PROVIDED DATA section start

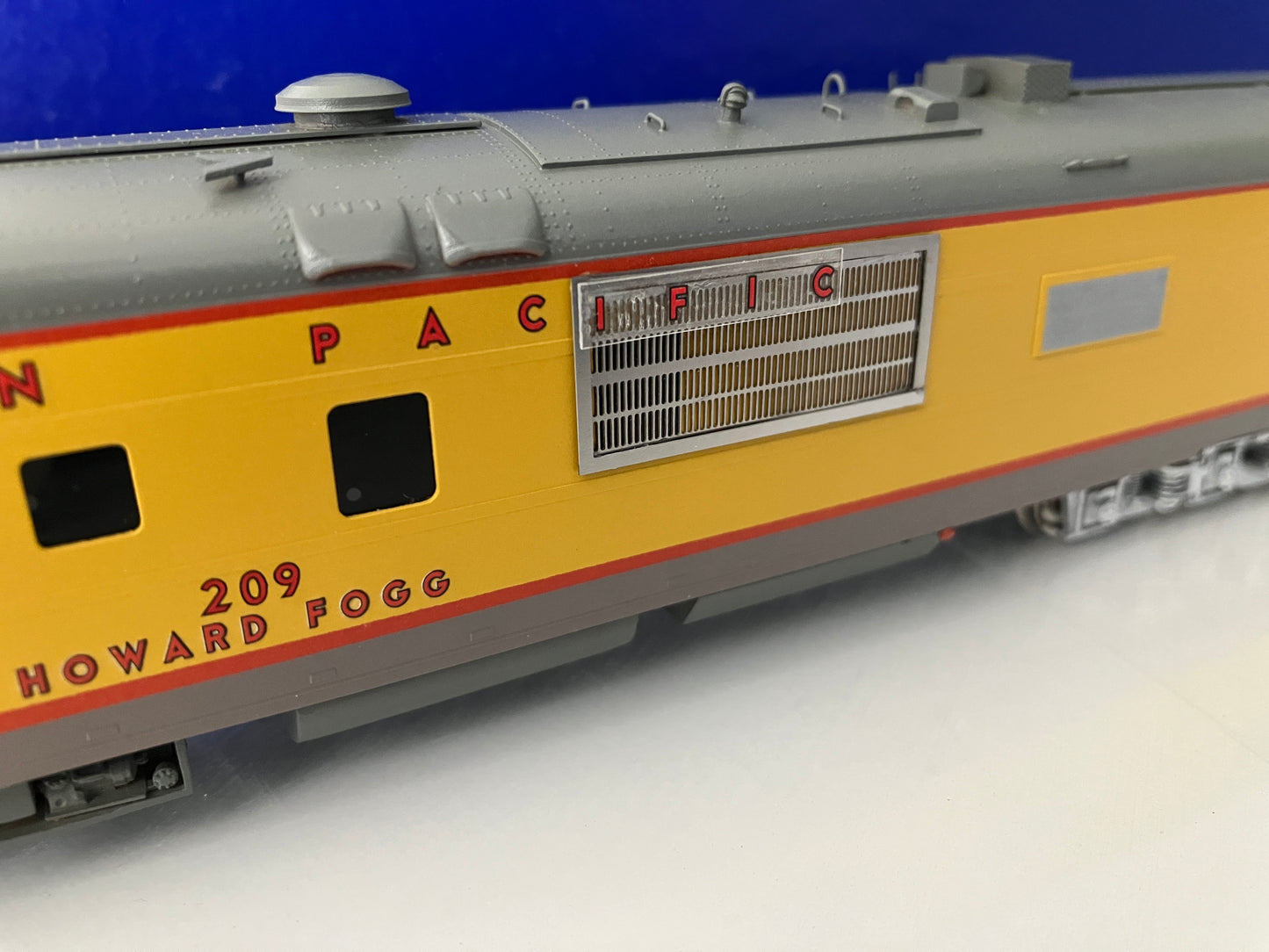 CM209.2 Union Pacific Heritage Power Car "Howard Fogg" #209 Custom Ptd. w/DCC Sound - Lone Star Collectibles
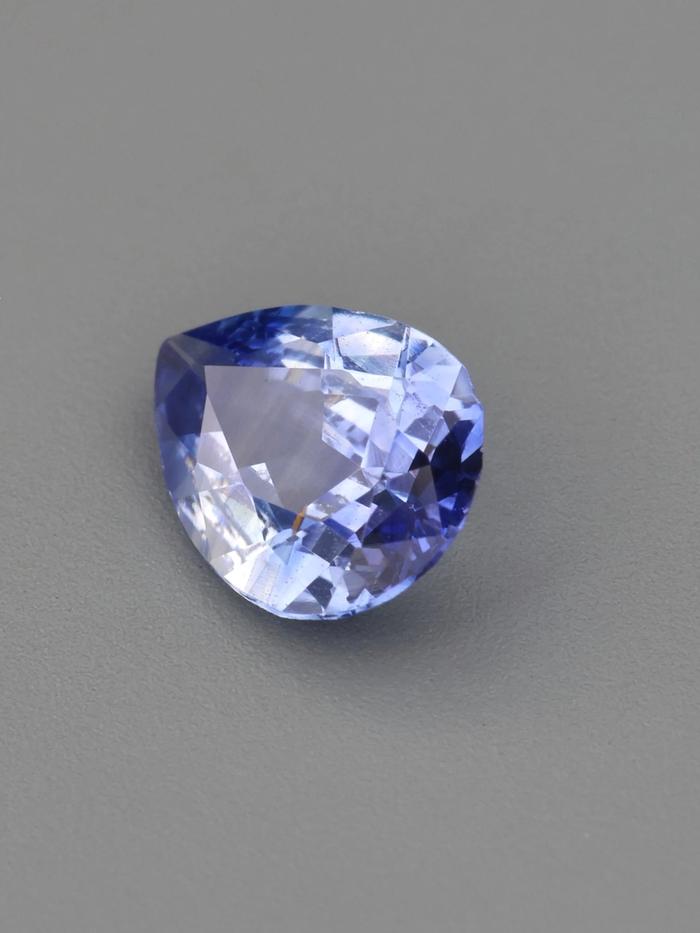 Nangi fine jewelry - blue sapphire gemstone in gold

PROVIDED DATA section end
PROVIDED DATA section start

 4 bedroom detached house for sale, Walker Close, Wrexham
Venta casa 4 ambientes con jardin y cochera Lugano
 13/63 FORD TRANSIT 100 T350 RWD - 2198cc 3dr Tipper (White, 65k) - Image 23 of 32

PROVIDED DATA section end
PROVIDED DATA section start

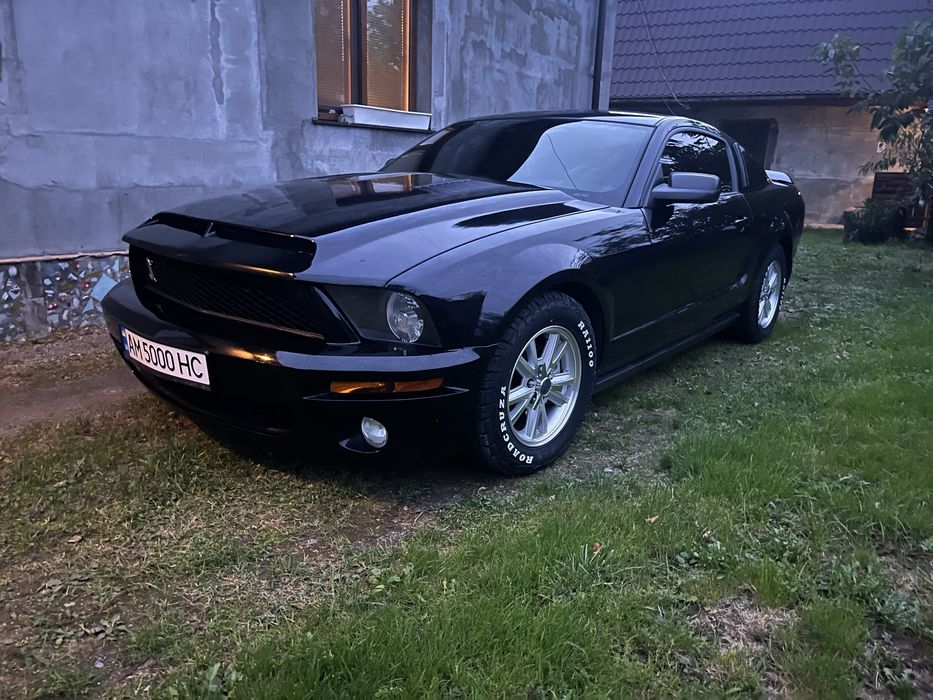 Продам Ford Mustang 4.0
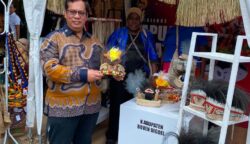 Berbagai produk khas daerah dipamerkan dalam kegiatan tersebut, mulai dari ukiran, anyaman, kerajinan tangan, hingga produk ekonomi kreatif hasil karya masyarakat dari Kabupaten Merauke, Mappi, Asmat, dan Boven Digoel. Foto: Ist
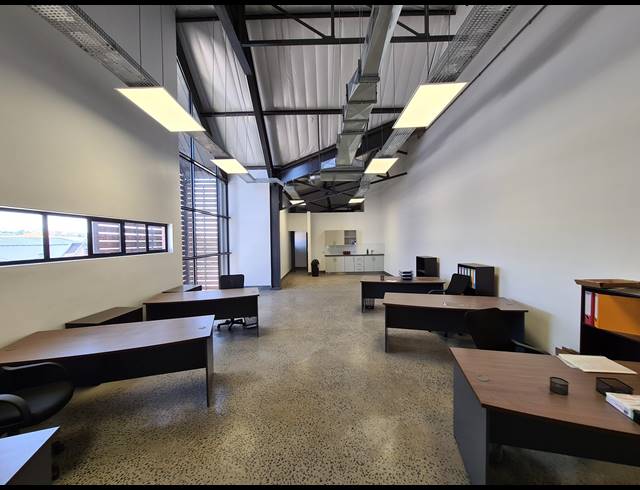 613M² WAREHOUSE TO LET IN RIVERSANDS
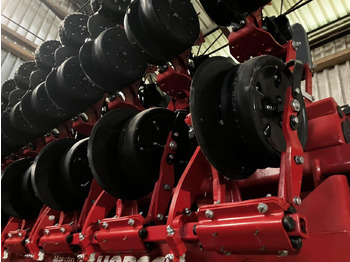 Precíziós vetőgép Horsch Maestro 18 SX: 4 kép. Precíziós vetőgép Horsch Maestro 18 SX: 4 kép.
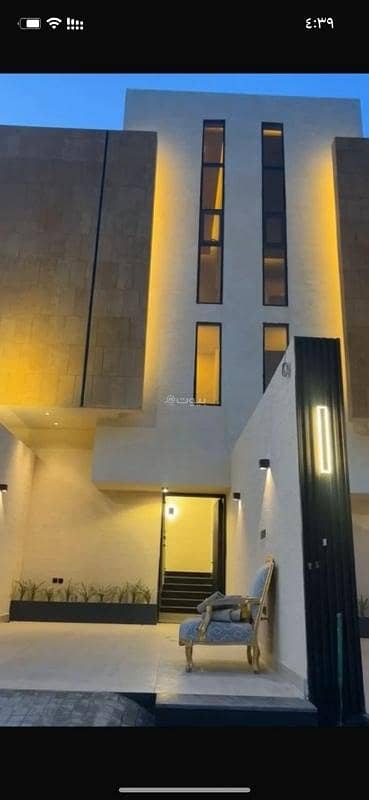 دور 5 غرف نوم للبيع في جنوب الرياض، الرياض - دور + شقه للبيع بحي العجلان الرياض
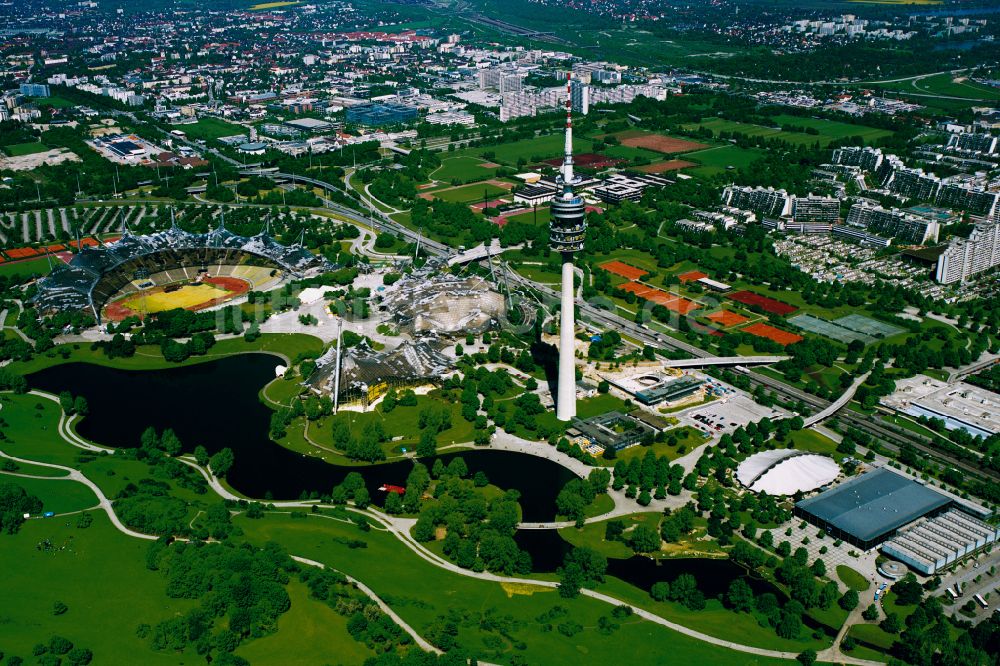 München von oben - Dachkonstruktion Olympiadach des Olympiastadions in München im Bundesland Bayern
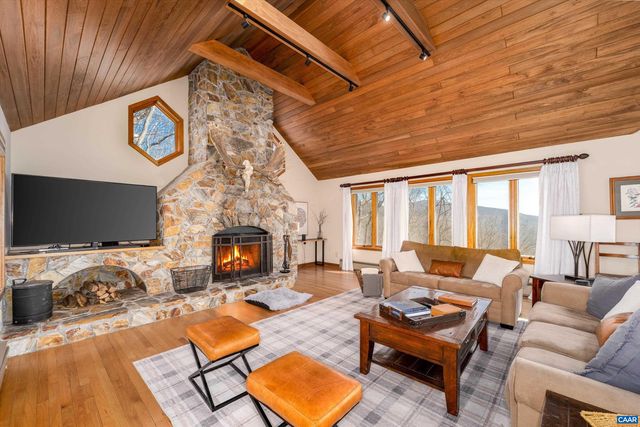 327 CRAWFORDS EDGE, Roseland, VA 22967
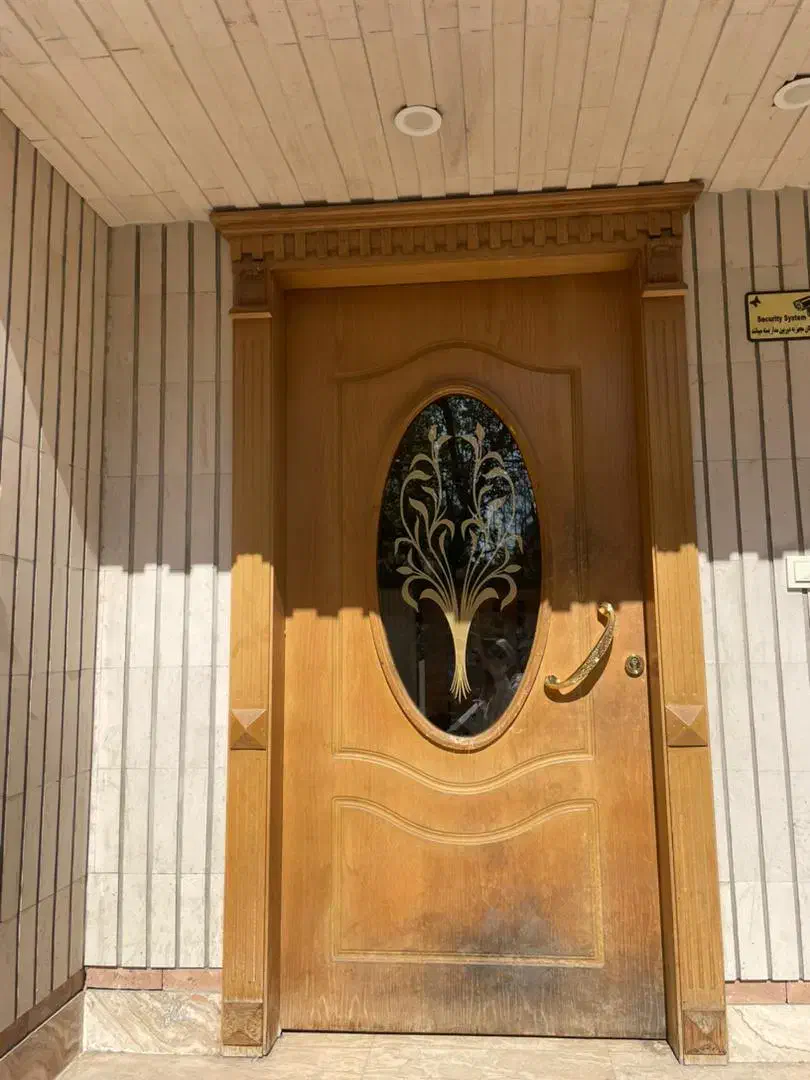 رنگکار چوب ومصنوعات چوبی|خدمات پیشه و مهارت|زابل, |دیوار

PROVIDED DATA section end

DIRECTIONS FOR THIS TASK: Look above for the line with "CM209.2 Union Pacific" and copy exactly from it through the line with "Nangi fine jewelry", both included. Omit the pictures.

ANSWER TO THIS TASK:
 CM209.2 Union Pacific Heritage Power Car "Howard Fogg" #209 Custom Ptd. w/DCC Sound - Lone Star Collectibles
 Nangi fine jewelry - blue sapphire gemstone in gold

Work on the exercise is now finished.